The Bismarck Mausoleum is the mausoleum of Prince Otto von Bismarck and his wife Johanna von Puttkamer. It is on the Schneckenberg hill just outside Friedrichsruh in northern Germany. Bismarck was the first Chancellor of Germany (1871–1890). The chapel is now a protected monument.
In the upper part of the chapel is the grave of Otto von Bismarck. The epitaph is in his own words: "A faithful German servant of Emperor Wilhelm I." In the lower part, which is not accessible to the public, is the place of the family grave of the Bismarcks. His son, Herbert von Bismarck, and grandson, Otto Christian Archibald von Bismarck, along with their wives, are laid to rest there. In the area around the chapel lies the grave of another grandson, Gottfried Graf von Bismarck-Schönhausen. The chapel and the site are still owned by the Bismarck family, but can be visited and rented for private tours.
Under the Gastein Convention negotiated by Bismarck in 1865, Prussia obtained the Duchy of Saxe-Lauenburg from the Austrian Empire. When Prussia established the German Empire in 1871, Bismarck was awarded the Saxony Forest as an endowment by Emperor Wilhelm I. Bismarck built his retirement home there, next to the Berlin–Hamburg Railway. He chose the site so that when he died he could be carried in state from his manor house down the railway to the mausoleum. Initially, Wilhelm II considered entombing Bismarck in the royal crypt of Berlin Cathedral. The poet Theodor Fontane argued in favor of this, with his poem "Wo Bismarck liegen soll" ("Where Bismarck should lie"), which appeared in the newspaper on 3 August 1898, four days after Bismarck's death.

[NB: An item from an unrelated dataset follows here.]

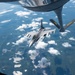 An F-16 Fighting Falcon fighter jet is approaching a KC-135 Stratotanker for aerial refueling at high altitude. The refueling boom of the tanker aircraft is visible in the foreground, marked with 'PA ANG' indicating Pennsylvania Air National Guard. The aircraft are flying over a landscape with scattered cumulus clouds, lakes, and green terrain visible far below.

Half a year after his death, on 16 March 1899 the coffins of Otto von Bismarck and his wife, who had previously been buried in Warcino since 1894, were taken into the chapel in a solemn funeral in two marble sarcophagi. This date was chosen because it was the eleventh anniversary of the funeral of Kaiser Wilhelm I. The funeral was attended by Wilhelm II, with his wife and a large entourage.